The Four Rules of 1NF

1. Atomic Values Only

Each cell contains one indivisible piece of data. No comma-separated lists or multiple values.

2. No Repeating Groups

Eliminate columns like book1, book2, book3. Create separate rows instead.

3. Primary Key Required

Every table must have a unique identifier to distinguish each row.

4. Column Order Irrelevant

The arrangement of columns shouldn't affect the table's meaning or functionality.

What just happened?

We broke down the essential requirements for 1NF. Rule #1 is the most violated - developers often stuff JSON strings or comma-separated values into database columns, thinking it saves space. It doesn't. It creates maintenance nightmares.

Common 1NF Violations

Database designers violate 1NF in predictable ways. Here are the patterns that cause problems in BookVault:

Violation #1: Multiple Values in One Cell

-- WRONG: Storing multiple authors in one column
-- This violates 1NF because author_names contains multiple values
CREATE TABLE books_wrong (
    book_id INT PRIMARY KEY,
    title VARCHAR(200),
    author_names VARCHAR(500),  -- "Stephen King, Peter Straub"
    price DECIMAL(10,2)
);

Table 'books_wrong' created successfully.

Sample data problems:
book_id | title           | author_names              | price
1       | The Talisman    | Stephen King, Peter Straub| 15.99
2       | It              | Stephen King              | 12.99

Issues: How do you search for books by "Stephen King"? 
How do you count books per author? Complex string parsing required.

What just happened?

We created a table that violates 1NF by storing multiple author names in a single column. Searching becomes a nightmare - you can't use simple WHERE clauses to find books by a specific author. Try this: create a proper authors table with author_id as the foreign key instead.
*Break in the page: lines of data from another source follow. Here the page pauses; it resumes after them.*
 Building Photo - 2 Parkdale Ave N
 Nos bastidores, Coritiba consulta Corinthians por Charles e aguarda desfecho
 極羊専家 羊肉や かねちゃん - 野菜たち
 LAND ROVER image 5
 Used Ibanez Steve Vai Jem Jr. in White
Violation #2: Repeating Column Groups

-- WRONG: Creating repeating columns for multiple books per order
-- This violates 1NF because of repeating groups (book1, book2, etc.)
CREATE TABLE orders_wrong (
    order_id INT PRIMARY KEY,
    customer_id INT,
    book1_id INT,
    book1_quantity INT,
    book2_id INT,
    book2_quantity INT,
    book3_id INT,
    book3_quantity INT
    -- What if customer orders 4 books? Or 10?
);

Table 'orders_wrong' created successfully.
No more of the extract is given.